Authors of all races, be they Greeks, Romans, Teutons or Celts, Can't seem just to say that anything is the thing it is but have to go out of their way to say that it is like something else.
What does it mean when we are told That that Assyrian came down like a wolf on the fold? In the first place, George Gordon Byron had enough experience To know that it probably wasn't just one Assyrian, it was a lot of Assyrians.
However, as too many arguments are apt to induce apoplexy and thus hinder longevity.
We'll let it pass as one Assyrian for the sake of brevity.
Now then, this particular Assyrian, the one whose cohorts were gleaming in purple and gold, Just what does the poet mean when he says he came down like a wold on the fold?
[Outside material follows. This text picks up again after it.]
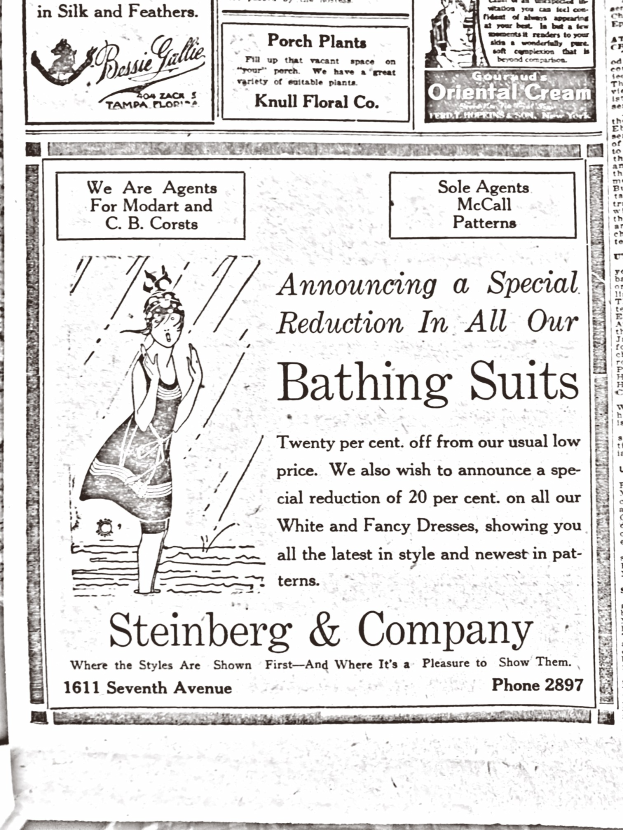 Eine Frau in einem weißen hochgeschlossenen Kleid mit langen Ärmeln und einem Dutt, umgeben von Text in einer Werbung für Steinberg & Company's Badesachen.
In heaven and earth more than is dreamed of in our philosophy there are great many things.
But I don't imagine that among them there is a wolf with purple and gold cohorts or purple and gold anythings.
No, no, Lord Byron, before I'll believe that this Assyrian was actually like a wolf I must have some kind of proof; Did he run on all fours and did he have a hairy tail and a big red mouth and big white teeth and did he say Woof Woof? Frankly I think it is very unlikely, and all you were entitled to say, at the very most, Was that the Assyrian cohorts came down like a lot of Assyrian cohorts about to destroy the Hebrew host.
But that wasn't fancy enough for Lord Byron, oh dear me no, he had to invent a lot of figures of speech and then interpolate them, With the result that whenever you mention Old Testament soldiers to people they say Oh yes, they're the ones that a lot of wolves dressed up in gold and purple ate them.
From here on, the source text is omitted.